Quand le langage dépayse le réel...
« Après vous avoir témoigné plus d’une fois mon incapacité dans l’art de décrire non seulement des royaumes, mais encore des provinces, des villes, des villages, des hameaux, que vous dirais-je plus, ma chambre ? Vous voulez cependant malgré toutes ces raisons que je vous décrive la Situation, le Gouvernement, les Moeurs et les Coutumes des Habitants du Royaume de Candavia. Je vais l’entreprendre, MADAME, dût-il m’en coûter la seringue ; dussé-je pilé dans le foie du pâté en pot, vous m’y forcez par le style le plus pressant dont le court-bouillon ait jamais pu se servir. » (p. 1-2)
Publiées anonymement en 1715, les Relations du Royaume de Candavia sont une oeuvre baroque, qui mêle les lieux communs du récit de voyage et la charge critique de l'antiroman. L’incipit reproduit ci-dessus illustre d’ailleurs parfaitement les enjeux de déréalisation du paysage qui ont lieu dans ce très bref récit.
Certains critiques la rangent parmi les « utopies burlesques », d'autres au sein de la catégorie des « voyages excentriques ». Cette prolifération d'étiquettes concerne une utopie à bien des titres inclassable. Iconoclaste, cette utopie l'est surtout en raison de son utilisation du langage qui est, le plus souvent, tout à fait dysfonctionnel. Cette citation montre bien comment les mots du narrateur sont inaptes à reproduire adéquatement le réel ; c'est en quelque sorte — pour l'Ancien Régime, du moins — une critique de la prétention des voyageurs qui s'estiment capables de restituer l'ensemble des paysages vus en témoignant de leur expérience personnelle.
Cette critique se détraque bientôt en satire, où le ridicule tient pour l'essentiel dans le vocabulaire culinaire fortement prisé par l'anonyme utopiste.

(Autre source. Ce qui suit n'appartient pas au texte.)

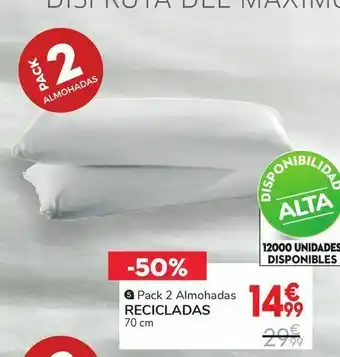 Conforama Pack 2 almohada recicladas oferta
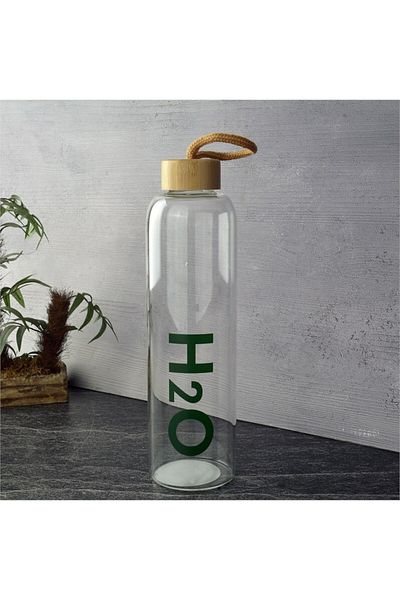 Tohana H2o Glass Flask with Bamboo Lid 1000 ml 75372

« Pour satisfaire votre curiosité, Madame, et vous donner une intelligence parfaite des coutumes Candaviennes, vous trouverez bon que nous reprenions la chose d’un peu plus loin, en commençant par la situation de ce Royaume. Il est situé entre la poire et le fromage, à cent-douze grains de millet de la bassinoire, et à quatre-vingt-dix de la citrouille ; le climat est fort tempéré, on y mange en toute saison des pommes cuites au Soleil. / Ce Royaume est divisé en dix-huit très grandes terrines du levant filées au bain marie : Lagro, Ombira, Vercou, Imbazoc, Sargoul, Doxu, Empajou, Honforan, Erpir, Vrajon, Quorian,Vromas, Ergalon, Vombir, Jerban, Likro, Larconi et Emoropou » (p. 19-20)
Paysage & nourriture : voilà un rapprochement qui faisait (déjà à l'époque) la joie du tourisme gastronomique.
SOURCE : Anonyme, Relations du Royaume de Candavia / Envoyées à Mme la comtesse de *** , Paris, [Chez Staket le Goguenard, rue des Fièvres chaudes, à l’enseigne des Rêves], 1715.